Met maatregelen en eigen tests kunnen topsporters VC Sneek toch volleyballen

Sport
Foto VV Sneek
Foto VV Sneek

SNEEK-Bij de ingang van de sporthal van volleybalvereniging VC Sneek is een strenge coronacontrole. Iedereen die naar binnen wil, moet eerst een temperatuurmeting doen. De vrouwenploeg van VC Sneek speelt in de eredivisie en mag daarom trainen en wedstrijden spelen, onder voorwaarde van strenge maatregelen. Zowel de spelers, bestuurders als vrijwilligers rond het team worden iedere week getest.

\n

VC Sneek heeft het testbeleid opgesteld volgens de regels die de doorkregen van de Nederlandse Volleybal Bond (Nevobo). De club kan de coronatests zelf afnemen, want ze hebben tests gekregen van de volleybalbond. Binnen de vereniging zijn twee mensen opgeleid door de GGD om de tests af te nemen.

Als spelers, of mensen rond het team, de hal in willen, wordt een vragenlijst afgenomen, de temperatuur wordt gemeten en verder moet je natuurlijk je handen wassen en afstand houden.

Ander beleid dan bij voetbal

Het beleid werkt net iets anders als hoe we het weleens zien bij het voetbal.
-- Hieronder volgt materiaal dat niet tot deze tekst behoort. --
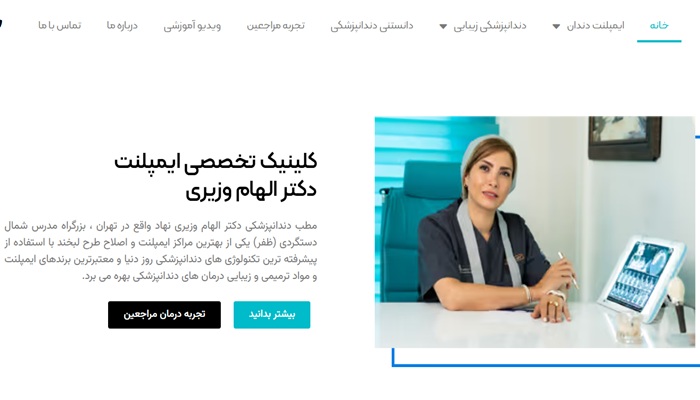 دندان پزشکی دکتر الهام وزیری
Als er ook maar iemand positief getest wordt, kan het hele team niet spelen. Terwijl bij het voetbal alleen degene die positief getest wordt in quarantaine gaat.

De club verwacht ook dat andere teams waar ze tegen moeten spelen, meteen melding maken als er een positieve test afgenomen is. in overleg gaat de wedstrijd dan waarschijnlijk niet door. ‘Laten we wel wezen, we zijn dan heel terughoudend’, zegt bestuurder Erik Drenth. Dat er niet gespeeld wordt met een positieve test komt onder anderen omdat veel spelers in de zorg werken.

Jeugd

Naast de topsporters in de eredivisie wordt er niet gevolleybald bij de vereniging. ‘Het mag niet, we hebben wel een net weer opgehangen buiten op het beachveld. We zijn in overleg of daar behoefte aan is voor de jeugd. Want dat is het enige wat mag. Maar ja, met deze temperaturen weet ik niet of daar meteen heel veel animo voor is. We hebben bij andere verenigingen gezien dat dat er wel was, dus het is in ieder geval een mogelijkheid om nog iets te doen’, zegt Drenth.